Right now I'm fixing some code, originally written by someone long departed from our development group, which decodes encoded words in email message headers. Encoded words makes it possible to include non-ASCII text in headers. This sample contains two encoded words:
Subject: =?ISO-8859-1?B?SWYgeW91IGNhbiByZWFkIHRoaXMgeW8=?= =?ISO-8859-2?B?dSB1bmRlcnN0YW5kIHRoZSBleGFtcGxlLg==?=
The three parts of an encoded word are character set, encoding (base64 or printed quotable), and encoded text, defined in RFC 2047. The RFC defines various restrictions on how you can use encoded words, for example:
- An 'encoded word' may not be more that 75 characters long.
- ... unencoded white space characters (such as SPACE and HTAB) are FORBIDDEN within an 'encoded word'.
- ... an 'encoded word' that appears in a header field defined as '*text' MUST be separated from any adjacent 'encoded word' or 'text' by 'linear-white-space'.
- A multi-octet character may not be split across adjacent 'encoded word's.
And so on. Unfortunately many mail agents do not use encoded words correctly even though the RFC is reasonably clear. However we can't reject invalid encoded words because end-users would blame our software, not the originating mail agents, if they hear garbled message subjects being voiced via text-to-speech. So although we always use encoded words correctly when sending messages we accept incorrect usage of encoded words when decoding them. You might think that this is an application of the often quoted Postel Robustness Principle, as described in RFC 793:
2.10. Robustness Principle
TCP implementations will follow a general principle of robustness: be conservative in what you do, be liberal in what you accept from others.
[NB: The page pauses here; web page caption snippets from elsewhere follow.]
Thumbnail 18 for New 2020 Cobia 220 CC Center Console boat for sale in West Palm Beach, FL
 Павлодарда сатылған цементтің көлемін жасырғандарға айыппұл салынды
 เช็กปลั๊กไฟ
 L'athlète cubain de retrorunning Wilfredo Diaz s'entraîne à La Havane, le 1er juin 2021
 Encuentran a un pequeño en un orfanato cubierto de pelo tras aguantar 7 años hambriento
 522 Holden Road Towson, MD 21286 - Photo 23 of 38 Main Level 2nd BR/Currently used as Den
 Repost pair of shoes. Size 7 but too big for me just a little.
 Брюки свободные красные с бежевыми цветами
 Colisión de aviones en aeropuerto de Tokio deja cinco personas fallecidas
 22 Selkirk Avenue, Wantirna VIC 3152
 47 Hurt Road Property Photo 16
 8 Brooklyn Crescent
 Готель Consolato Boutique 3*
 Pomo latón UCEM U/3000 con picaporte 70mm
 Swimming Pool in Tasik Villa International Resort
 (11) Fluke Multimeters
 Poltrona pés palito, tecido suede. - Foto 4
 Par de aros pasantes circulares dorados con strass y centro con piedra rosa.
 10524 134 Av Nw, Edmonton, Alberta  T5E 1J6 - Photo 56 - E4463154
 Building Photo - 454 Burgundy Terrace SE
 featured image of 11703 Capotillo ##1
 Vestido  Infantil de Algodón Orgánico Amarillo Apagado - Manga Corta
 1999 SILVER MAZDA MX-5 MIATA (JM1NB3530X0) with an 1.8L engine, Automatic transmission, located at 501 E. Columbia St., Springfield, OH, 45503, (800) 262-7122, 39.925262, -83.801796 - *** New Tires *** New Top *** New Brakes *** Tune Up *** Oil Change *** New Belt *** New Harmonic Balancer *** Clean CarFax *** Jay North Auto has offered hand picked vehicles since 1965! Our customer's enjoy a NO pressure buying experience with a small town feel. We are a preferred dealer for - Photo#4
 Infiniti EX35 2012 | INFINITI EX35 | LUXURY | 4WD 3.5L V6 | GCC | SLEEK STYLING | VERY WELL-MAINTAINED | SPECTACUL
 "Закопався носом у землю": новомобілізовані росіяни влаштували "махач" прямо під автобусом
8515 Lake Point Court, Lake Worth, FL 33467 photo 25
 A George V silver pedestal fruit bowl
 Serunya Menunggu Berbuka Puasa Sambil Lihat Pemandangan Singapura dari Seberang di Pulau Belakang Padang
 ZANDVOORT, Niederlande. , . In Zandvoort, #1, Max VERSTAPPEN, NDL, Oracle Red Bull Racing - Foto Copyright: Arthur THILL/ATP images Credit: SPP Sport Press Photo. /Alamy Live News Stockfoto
This statement is based upon a terrible misunderstand of Postel's robustness principle. I knew Jon Postel. He was quite unhappy with how his robustness principle was abused to cover up non-compliant behavior, and to criticize compliant software.
Jon's principle could perhaps be more accurately stated as "in general, only a subset of a protocol is actually used in real life. So, you should be conservative and only generate that subset. However, you should also be liberal and accept everything that the protocol permits, even if it appears that nobody will ever use it."
So the next time that someone uses the Robustness Principle to argue that your code should accept any old rubbish as input, you can point out what Postel really meant.